### Dataset
-.-.-

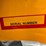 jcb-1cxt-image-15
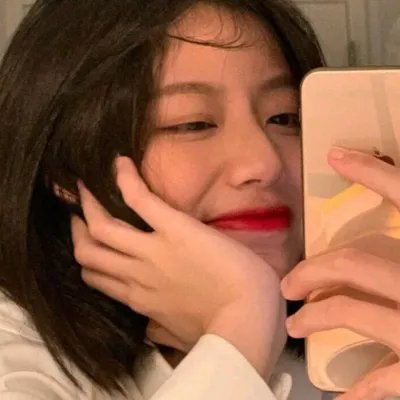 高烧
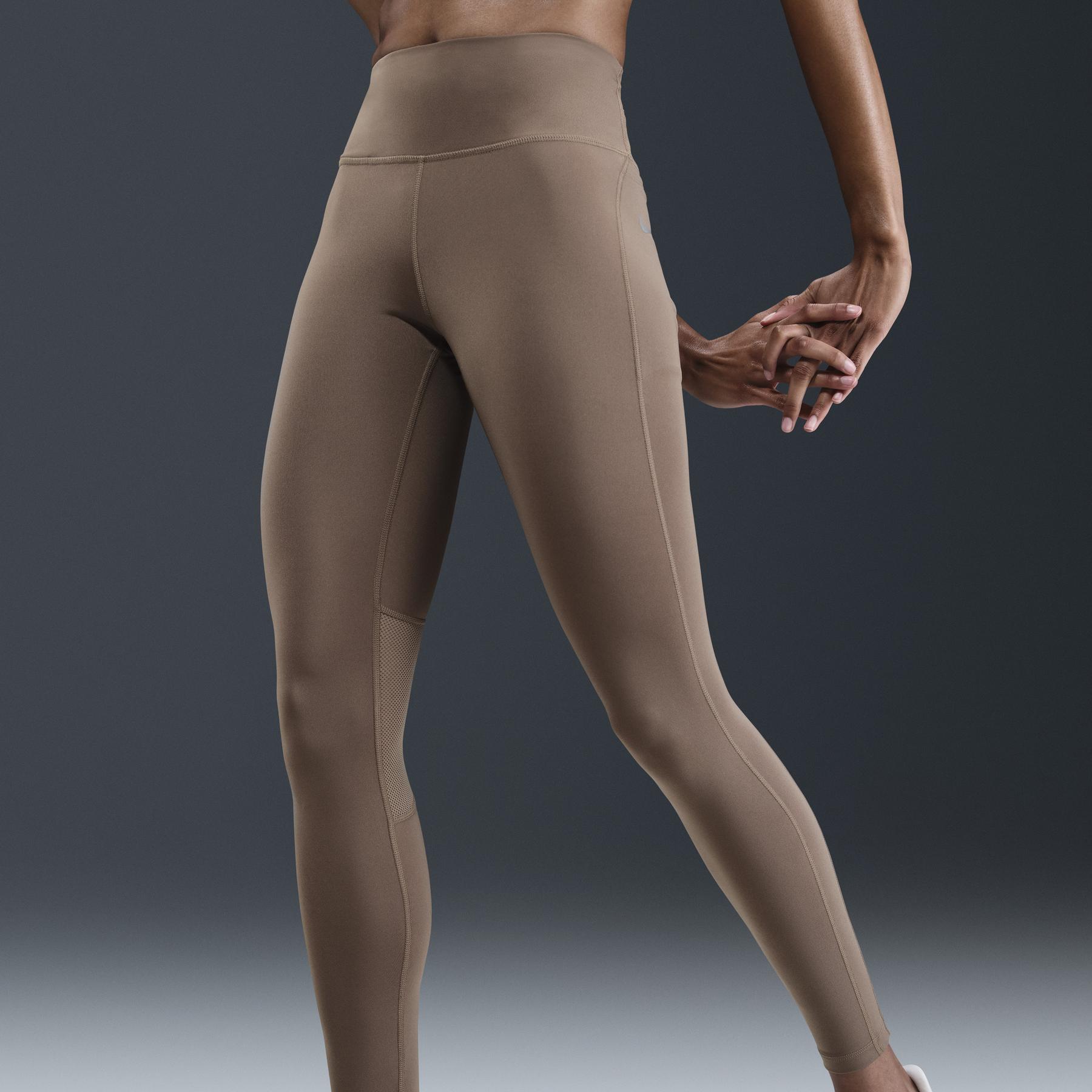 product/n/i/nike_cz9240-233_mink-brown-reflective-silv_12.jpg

-.-.-

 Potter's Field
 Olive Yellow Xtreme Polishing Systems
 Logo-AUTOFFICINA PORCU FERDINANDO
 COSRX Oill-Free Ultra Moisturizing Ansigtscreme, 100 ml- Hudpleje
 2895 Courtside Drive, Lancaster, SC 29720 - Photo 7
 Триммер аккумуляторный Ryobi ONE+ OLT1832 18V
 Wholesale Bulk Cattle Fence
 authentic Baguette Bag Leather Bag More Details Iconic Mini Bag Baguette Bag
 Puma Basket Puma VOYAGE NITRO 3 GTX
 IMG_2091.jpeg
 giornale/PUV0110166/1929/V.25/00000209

-.-.-

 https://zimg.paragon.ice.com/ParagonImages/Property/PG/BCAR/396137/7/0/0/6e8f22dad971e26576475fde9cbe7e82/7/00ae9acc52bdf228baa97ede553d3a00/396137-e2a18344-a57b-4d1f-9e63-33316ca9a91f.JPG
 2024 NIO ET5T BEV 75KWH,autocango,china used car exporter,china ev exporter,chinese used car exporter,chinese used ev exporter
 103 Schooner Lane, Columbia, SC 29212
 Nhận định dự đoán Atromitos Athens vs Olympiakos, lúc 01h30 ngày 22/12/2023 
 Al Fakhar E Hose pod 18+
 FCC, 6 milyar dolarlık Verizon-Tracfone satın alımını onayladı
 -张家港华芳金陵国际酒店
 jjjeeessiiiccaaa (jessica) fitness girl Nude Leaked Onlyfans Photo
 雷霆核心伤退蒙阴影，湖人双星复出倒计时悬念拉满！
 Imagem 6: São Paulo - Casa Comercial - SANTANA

-.-.-

### Your goal
Which lines of the entries above contain the word "Photo"? Copy each of them.

### Reply
 2895 Courtside Drive, Lancaster, SC 29720 - Photo 7
 jjjeeessiiiccaaa (jessica) fitness girl Nude Leaked Onlyfans Photo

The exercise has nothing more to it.